The findings of this review reaffirm that IPE provides a crucial mechanism for addressing these systemic vulnerabilities. Interprofessional education strengthens shared mental models, improves distributed leadership, enhances trust, and fosters real-time coordination, all of which disaster medicine and resilience science identify as foundational for effective response in rapidly evolving scenarios (20, 21).
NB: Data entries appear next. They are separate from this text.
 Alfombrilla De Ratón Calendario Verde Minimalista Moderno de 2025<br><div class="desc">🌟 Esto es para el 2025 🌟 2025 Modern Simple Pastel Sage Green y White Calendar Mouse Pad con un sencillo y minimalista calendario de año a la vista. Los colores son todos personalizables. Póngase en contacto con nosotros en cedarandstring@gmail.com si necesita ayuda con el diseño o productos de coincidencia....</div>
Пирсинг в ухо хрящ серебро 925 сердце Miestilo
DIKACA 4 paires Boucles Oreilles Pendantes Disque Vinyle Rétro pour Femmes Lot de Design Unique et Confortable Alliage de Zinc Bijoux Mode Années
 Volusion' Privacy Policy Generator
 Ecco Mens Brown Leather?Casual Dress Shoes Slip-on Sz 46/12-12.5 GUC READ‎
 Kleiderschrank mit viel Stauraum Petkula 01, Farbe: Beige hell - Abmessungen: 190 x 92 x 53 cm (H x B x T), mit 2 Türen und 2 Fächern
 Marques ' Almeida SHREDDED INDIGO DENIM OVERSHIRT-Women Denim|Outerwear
Importantly, IPE extends beyond joint learning; it represents a paradigm shift toward systems-based thinking in which responders perceive themselves as interconnected nodes within an integrated emergency ecosystem (13).
Furthermore, aligning IPE with emerging digital platforms and workforce-development policies can substantially accelerate readiness across all levels of the health system (23). Integrating IPE into organizational doctrine, from academic curricula to emergency operations policies, builds long-term institutional memory and enhances adaptability during MGEs. Thus, the challenge is no longer the conceptual recognition of IPE’s importance but its systematic implementation through structured educational pathways, accreditation requirements, and multiagency exercises.
4. Conclusions
Mass-gathering events pose escalating, multidimensional challenges for health systems worldwide. As demonstrated in this review, fragmented professional silos and discipline-specific training models are inadequate for managing the dynamic, nonlinear pressures inherent in MGEs. Interprofessional education emerges as the critical missing link for building health systems that are integrated, adaptive, and resilient (12).
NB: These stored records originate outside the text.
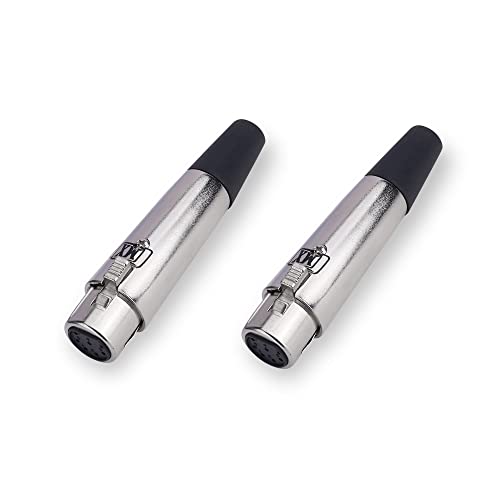 Image of MX 3 Pin XLR Microphone pin Pure Copper Nickel Plated Pins1 for High Conductivity microphone (7-Pin Female XLR connector, Pack of 2, Female Connector)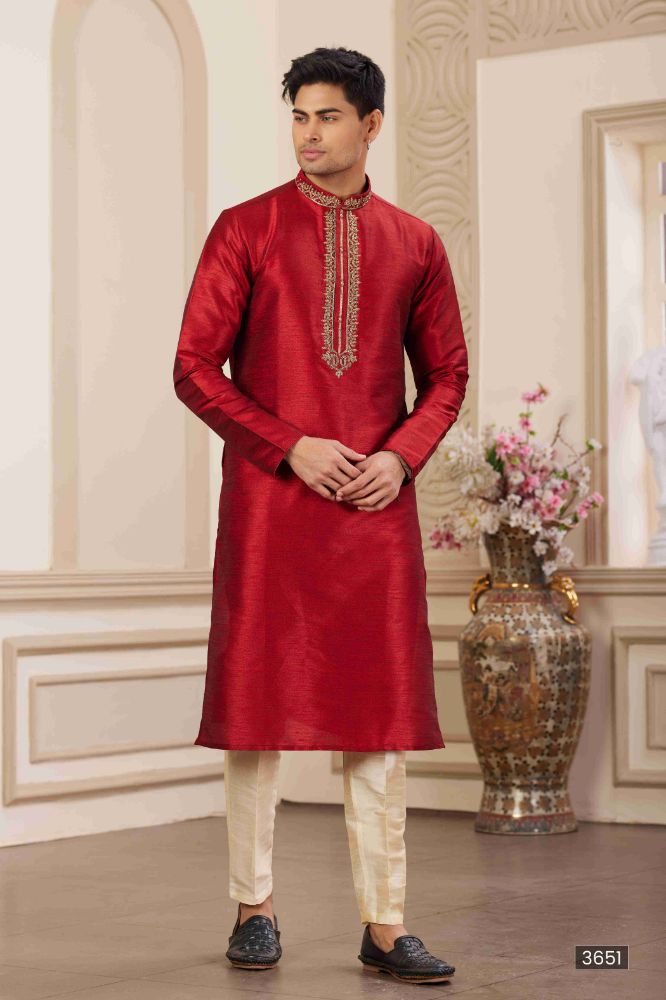Raivat Ethnic Banarasi Art Silk Hand Work Kurta Pajama In Maroon Colour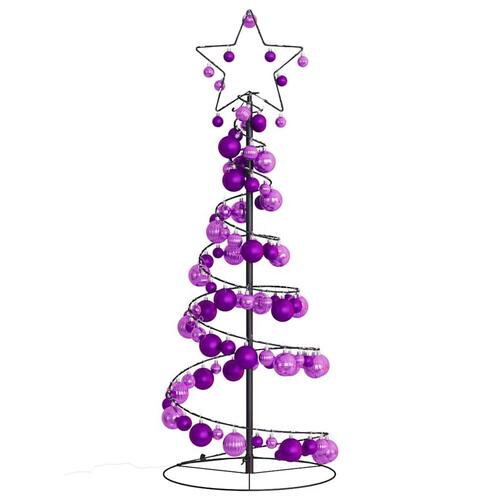 Lysende juletræ med kugler 80 LED'er 120 cm varmt hvidt lys
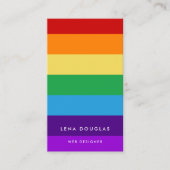 Regenboogvlag verticaal visitekaartje (Voorkant)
By embedding IPE across educational structures, organizational policies, and operational practices, and by reinforcing it through systems thinking, simulation-based training, and workforce development, health systems can achieve a more coherent, coordinated, and anticipatory response capacity. As MGEs continue to expand in scale and complexity, strengthening interprofessional collaboration is not merely an enhancement but an essential pillar of global health security and sustainable preparedness.
4.1. Practical Recommendations for Policy and Practice
To operationalize IPE in the context of MGEs, the following actions are proposed:
1. Institutionalize multiagency simulation: Health ministries should mandate joint simulation-based training, including tabletop and field exercises, involving EMS, hospital staff, security forces, and nongovernmental organizations at least 6 months before scheduled MGEs.
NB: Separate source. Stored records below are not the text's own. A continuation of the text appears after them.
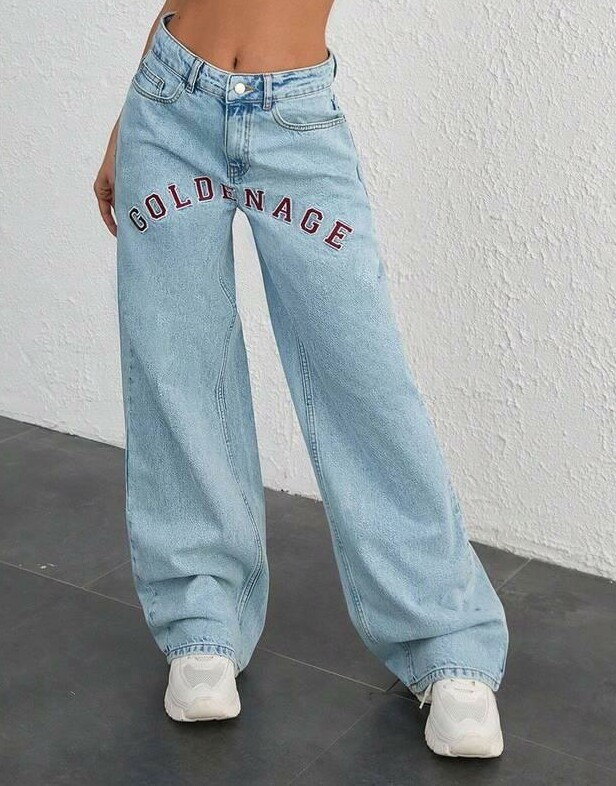 NIEBIESKIE SPODNIE JEANS haft
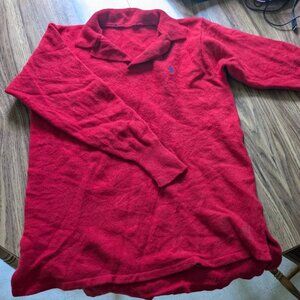 Vintage Ralph Lauren Polo red wool sweater, logo but no label, collar
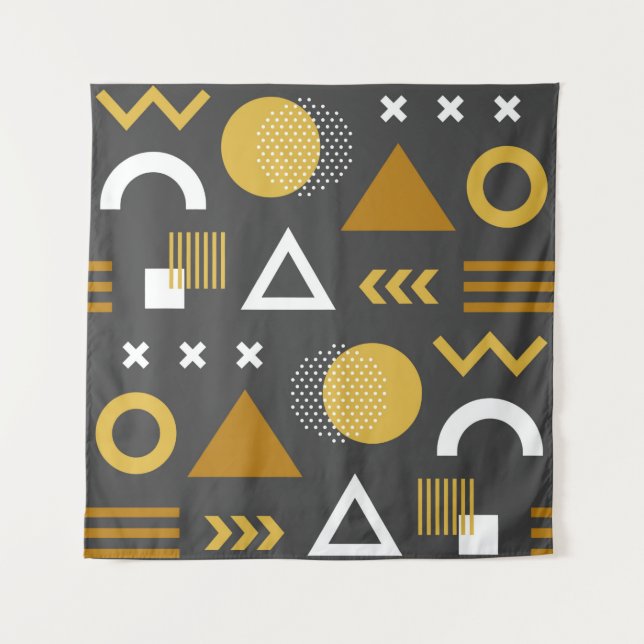 Geometric figures seamless pattern design. Vintage Tapestry (Front)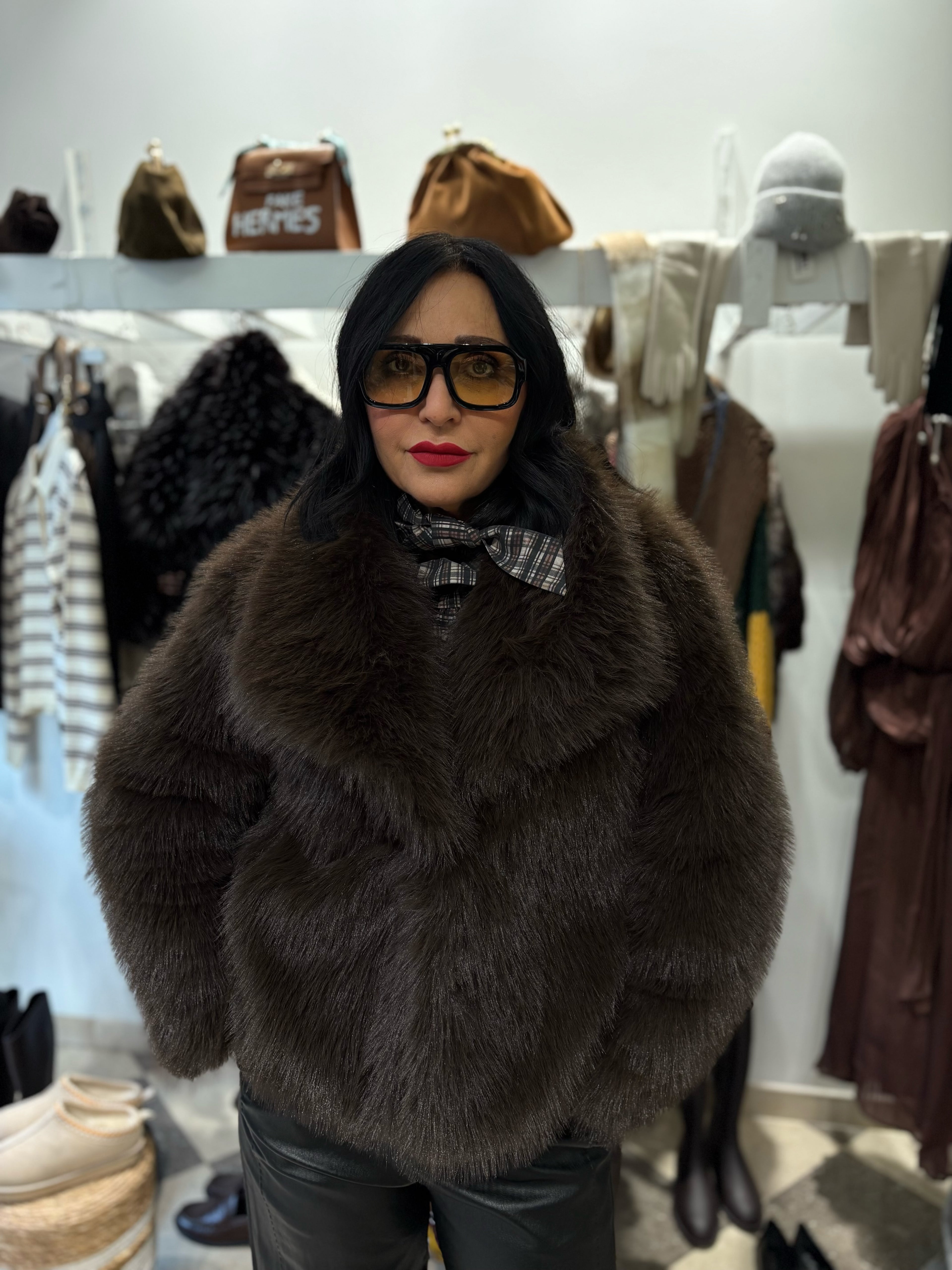 Eco fur collo sciallato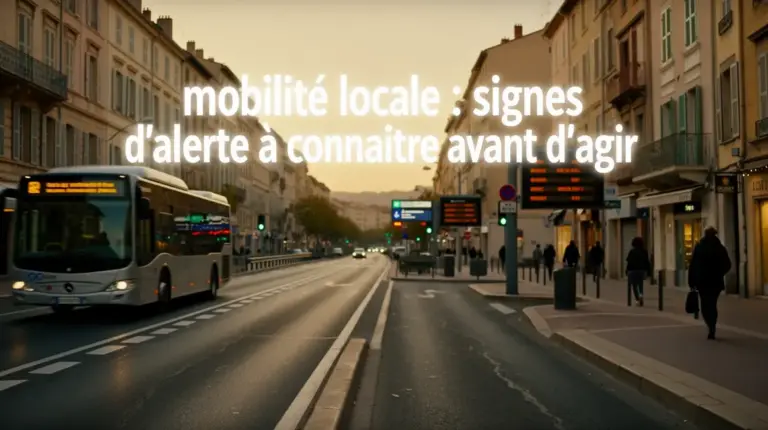 Paysage urbain Aix Marseille, panneaux lumineux, texte signs d'alerte mobilité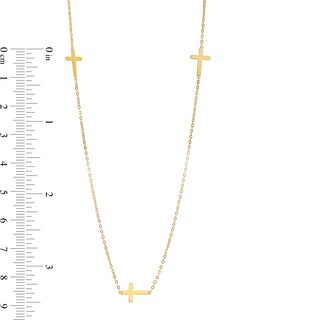 Triple Cross Station Necklace in 10K Gold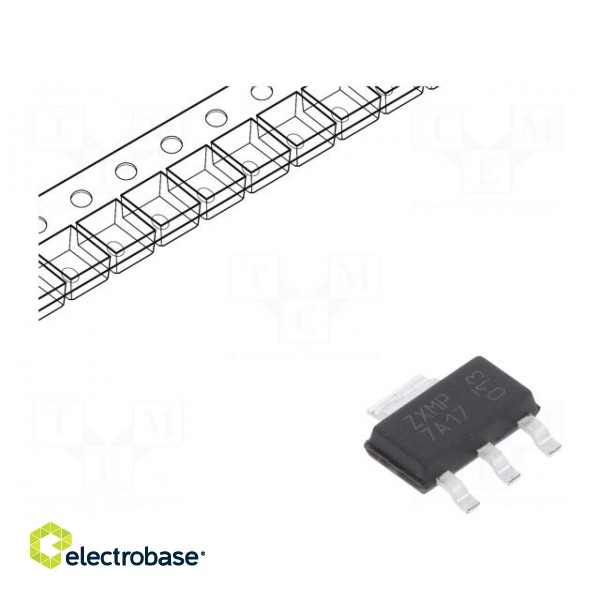 Transistor: P-MOSFET | unipolar | -70V | -2.6A | Idm: -9.6A | 2W | SOT223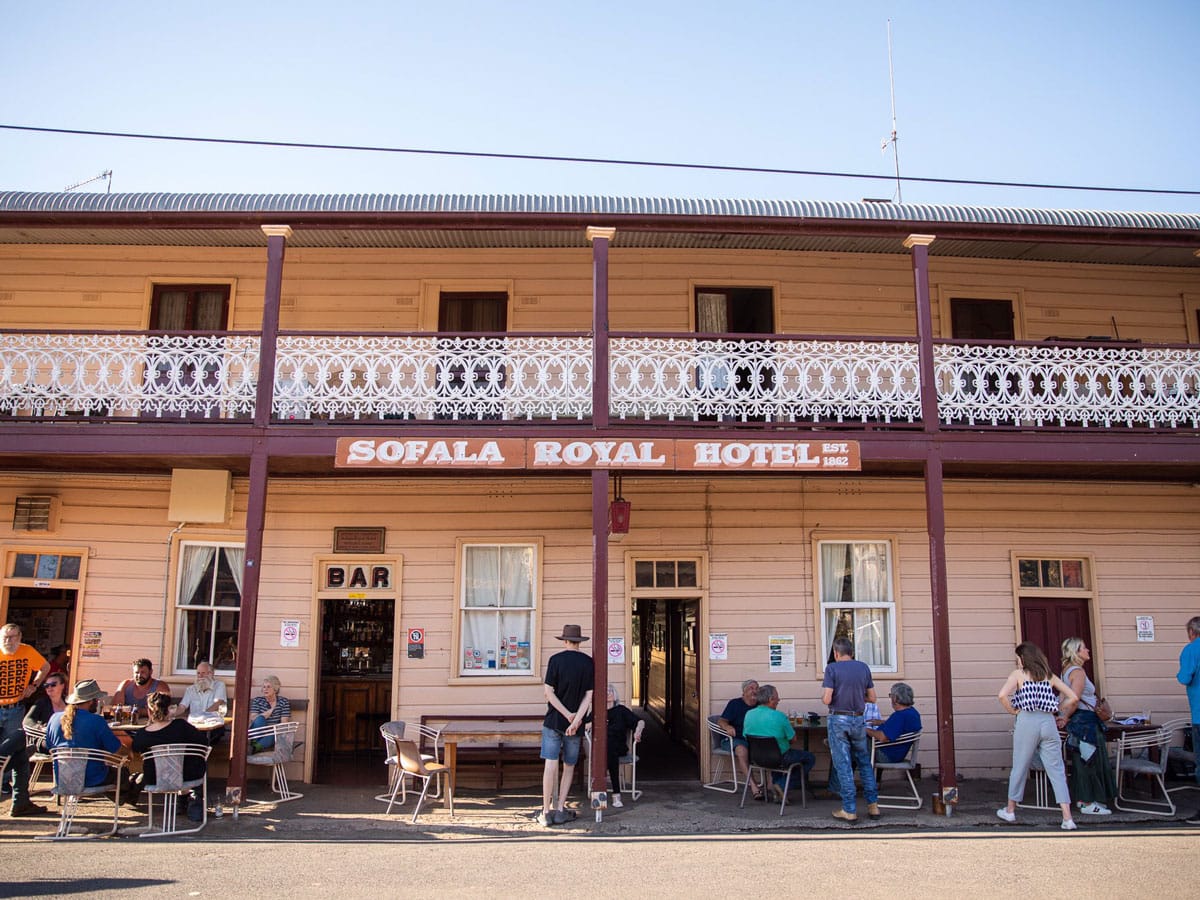 the property exterior of the old, rustic, Aussie pub at Royal Hotel Sofala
2. Develop unified communication protocols: A common-language framework should be developed and taught in IPE modules to prevent terminology-related delays during triage and surge transitions.
3. Integrate longitudinal curricula: MGE-specific IPE competencies should be embedded into undergraduate and postgraduate curricula in medicine, nursing, and public health, rather than delivered only through short-term workshops.
4. Use digital collaboration platforms: Virtual reality and artificial intelligence-driven platforms may be used for interprofessional team training, enabling responders from different geographic locations to synchronize their roles in simulated high-pressure MGE environments.